Print uses commas to separate the items to be printed, and the commas are replaced by Spaces.

Better output

Following the example above, let’s make the output more readable.

awk 'BEGIN{print" print"; print""} {print NR,$0} END{print""; Print "End of output! } ' awk_books.log
Copy the code

The output

$ awk 'BEGIN{print" print"; print""} {print NR,$0} END{print""; Print "End of output! } ' awk_books.log1 Basic Python tutorial Yamaharu 34.50 5 2 Advanced Python tutorial Solon 40.00 6 3 Python Practice Nami 38 34 Java programming ideas Frank 48.00 6 5 Vue tutorial Javascript team 55.00 8 6 AWK Foundation Tutorial Luffy 42 3 Output end!Copy the code

BEGIN has already been mentioned, but this is just to make things a little bit clearer.

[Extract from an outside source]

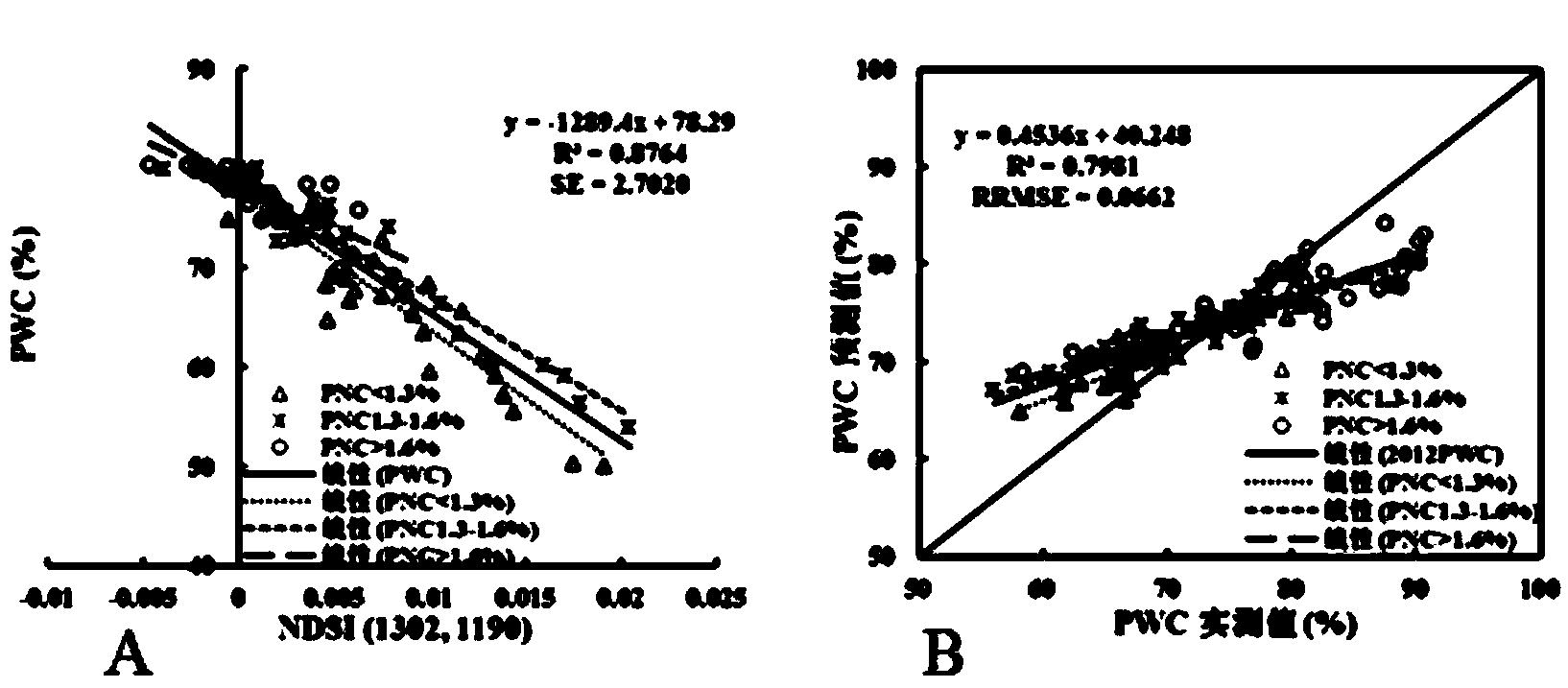 Method for monitoring wheat plant water content under different plant nitrogen content levels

The statements that follow BEGIN and END are executed only once, at the beginning and END of the program.

Prints the line that contains Java

awk '/java/ {print $0}' awk_books.log
Copy the code

Output result:

$ awk '/java/ {print $0}' awk_books.logJava Programming ideas frank 48.00 6 Vue tutorial javascript team 55.00 8Copy the code

The pattern for this sample match is a regular expression that outputs the corresponding row whenever there is a match. You can write more complex regular expressions based on your business needs.

Print the first row containing Java

awk '$1 ~/java/ {print $0}' awk_books.log
Copy the code

Output result:

$ awk '$1 ~/java/ {print $0}' awk_books.logJava programming ideas frank 48.00 6Copy the code

Print the row that does not contain Java in the first column

awk '$1 !~/java/ {print $0}' awk_books.log
Copy the code

Output result:

$ awk '$1 !~/java/ {print $0}' awk_books.logPython Foundation Tutorial Yamaharu 34.50 5 Python Advanced Tutorial Solon 40.00 6 Python Basics Nami 38 3 Vue Tutorial javascript team 55.00 8 AWK Foundation Tutorial Lufei 42 3Copy the code

Count the total number of lines of input text

awk 'END {print NR}' awk_books.log
Copy the code

Output result:

$ awk 'END {print NR}' awk_books.log
6
Copy the code

Output lines with more than 33 characters

awk 'length($0)> 33' awk_books.log
Copy the code

Output result:

$ awk 'length($0)> 33' awk_books.logJava Programming ideas frank 48.00 6 Vue tutorial javascript team 55.00 8Copy the code

Length is a built-in function, and there are many built-in functions, not listed here, interested can go to check.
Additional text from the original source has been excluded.